Go through the listing below and output exactly the line with "5PCS Newly imported", the line with "Светлая память", and each line between; omit the rest.
>>>>>
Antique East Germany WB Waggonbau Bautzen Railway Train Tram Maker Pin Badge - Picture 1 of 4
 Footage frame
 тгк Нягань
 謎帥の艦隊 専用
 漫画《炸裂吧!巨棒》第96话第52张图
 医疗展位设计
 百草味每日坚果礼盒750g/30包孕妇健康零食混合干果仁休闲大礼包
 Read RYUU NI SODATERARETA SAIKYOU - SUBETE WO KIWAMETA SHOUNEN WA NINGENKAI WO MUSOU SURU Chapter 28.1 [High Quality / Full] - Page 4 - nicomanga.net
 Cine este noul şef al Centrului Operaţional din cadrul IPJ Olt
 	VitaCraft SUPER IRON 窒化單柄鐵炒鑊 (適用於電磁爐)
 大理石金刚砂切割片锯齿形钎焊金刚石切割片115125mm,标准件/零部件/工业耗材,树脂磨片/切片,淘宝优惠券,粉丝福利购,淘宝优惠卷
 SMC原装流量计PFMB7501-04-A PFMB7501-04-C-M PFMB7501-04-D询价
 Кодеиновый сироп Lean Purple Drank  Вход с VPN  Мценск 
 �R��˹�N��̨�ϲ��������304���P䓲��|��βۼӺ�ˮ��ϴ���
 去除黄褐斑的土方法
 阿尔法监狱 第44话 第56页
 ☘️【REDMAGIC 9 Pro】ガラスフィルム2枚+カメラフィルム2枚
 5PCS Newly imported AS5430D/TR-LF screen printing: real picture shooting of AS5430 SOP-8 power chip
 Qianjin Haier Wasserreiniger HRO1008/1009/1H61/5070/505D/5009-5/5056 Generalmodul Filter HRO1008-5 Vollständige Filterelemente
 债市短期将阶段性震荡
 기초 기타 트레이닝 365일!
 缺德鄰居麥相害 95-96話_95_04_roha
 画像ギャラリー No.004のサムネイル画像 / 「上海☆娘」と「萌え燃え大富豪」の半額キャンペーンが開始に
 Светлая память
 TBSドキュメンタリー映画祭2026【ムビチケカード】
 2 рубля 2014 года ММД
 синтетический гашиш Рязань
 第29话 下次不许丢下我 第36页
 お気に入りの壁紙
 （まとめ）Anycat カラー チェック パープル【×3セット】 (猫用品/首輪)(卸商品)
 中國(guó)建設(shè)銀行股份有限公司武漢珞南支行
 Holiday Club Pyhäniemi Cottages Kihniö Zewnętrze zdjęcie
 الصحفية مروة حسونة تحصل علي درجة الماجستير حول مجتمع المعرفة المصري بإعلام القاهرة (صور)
<<<<<
Answer section:
 5PCS Newly imported AS5430D/TR-LF screen printing: real picture shooting of AS5430 SOP-8 power chip
 Qianjin Haier Wasserreiniger HRO1008/1009/1H61/5070/505D/5009-5/5056 Generalmodul Filter HRO1008-5 Vollständige Filterelemente
 债市短期将阶段性震荡
 기초 기타 트레이닝 365일!
 缺德鄰居麥相害 95-96話_95_04_roha
 画像ギャラリー No.004のサムネイル画像 / 「上海☆娘」と「萌え燃え大富豪」の半額キャンペーンが開始に
 Светлая память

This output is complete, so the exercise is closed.